My original M2 Specifications were this:
- simple move-to physics … half-done
- behaviors and state machines
- stage and level management
- sound manager
- settings manager
Ha ha! So funny! I decided that getting the starfield + spaceship was good enough for a milestone.
While I didn’t get everything I wanted to do, I ended up doing stuff that I didn’t anticipate, like researching “Promises” and rewriting the key code loop objects to make it work better. I also learned how to package the app so I could share it on a free Heroku plan, so for the first time I can have a public build that people can actually play with. The build is at http://1401.davidseah.com, and while it’s not much to look at now, having the ability to share what I’m doing is a huge win! When I have the ability to share my progress, that makes me want to have progress to share! A virtuous cycle, it is! :-)

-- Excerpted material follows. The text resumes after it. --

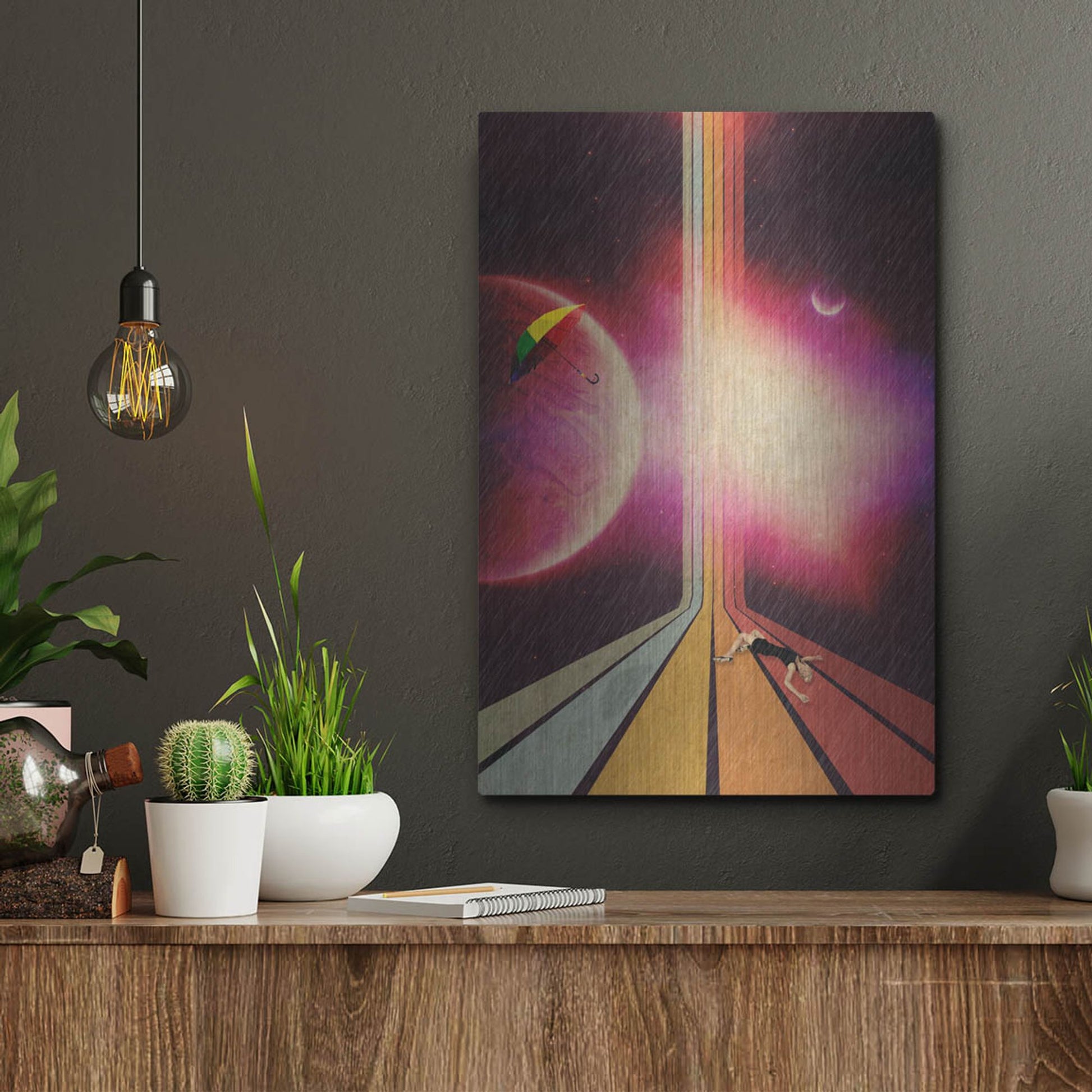 Luxe Metal Art 'Lost' by Elo Marc, Metal Wall Art,12x16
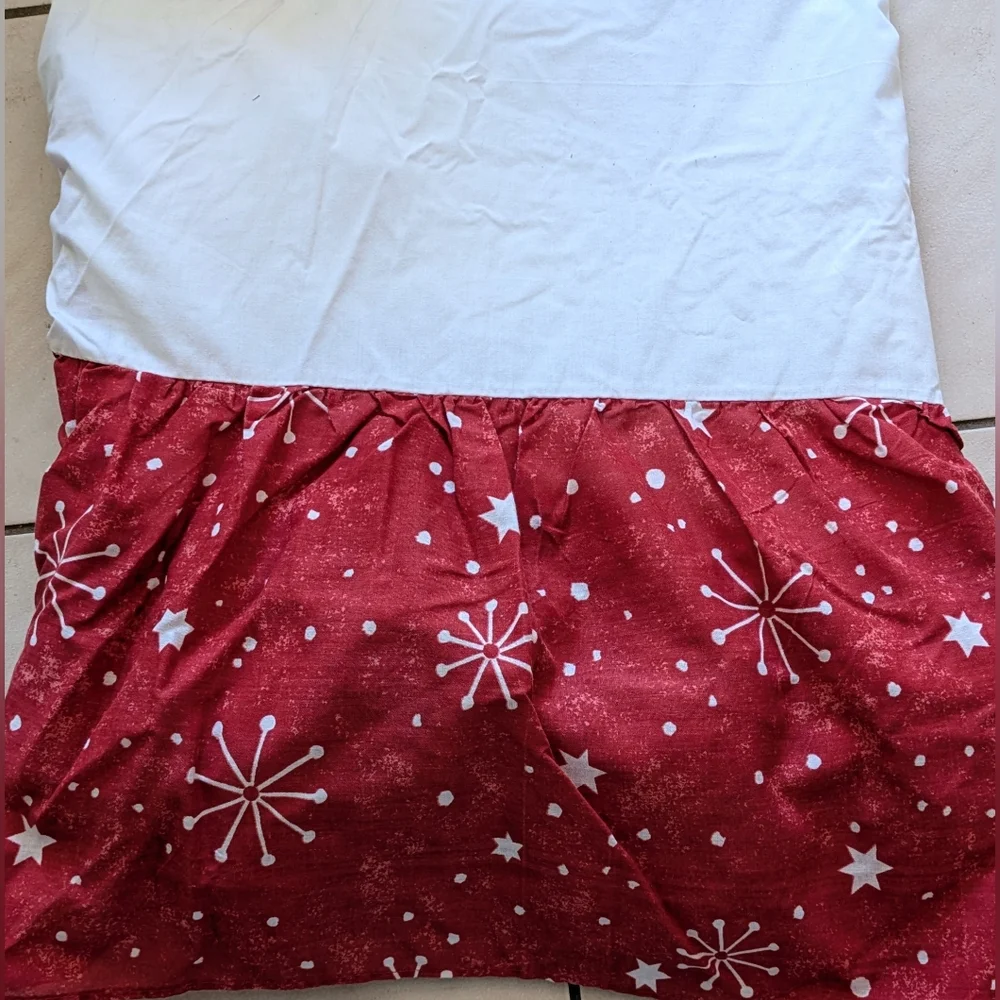 Quilt Shams Skirt Holiday Snowman Stars Moons Trees Elves Stockings Ornaments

For the next milestone, I’m going to be a little more realistic and just say it’s all about moving ships exhibiting behaviors. This actually touches the next three things on the list:
- simple move-to physics
- behaviors and state machines
- timers, triggers, filters, and events
That is a big hairy task! They are not entirely new tasks for me to learn how to do, so I’m facing the resistance of wanting the system before I start, and I’ll have to write a lot of test code to refine my approach to make a super-clean, super-easy way of describing how ships can move in interesting and intelligent ways. The first step to breaking that resistance is to implement ANY way of handling any of these challenges. It is entirely OK to learn to do it badly, and then trust myself to learn from it. That’s the major philosophical takeaway from Milestone 2.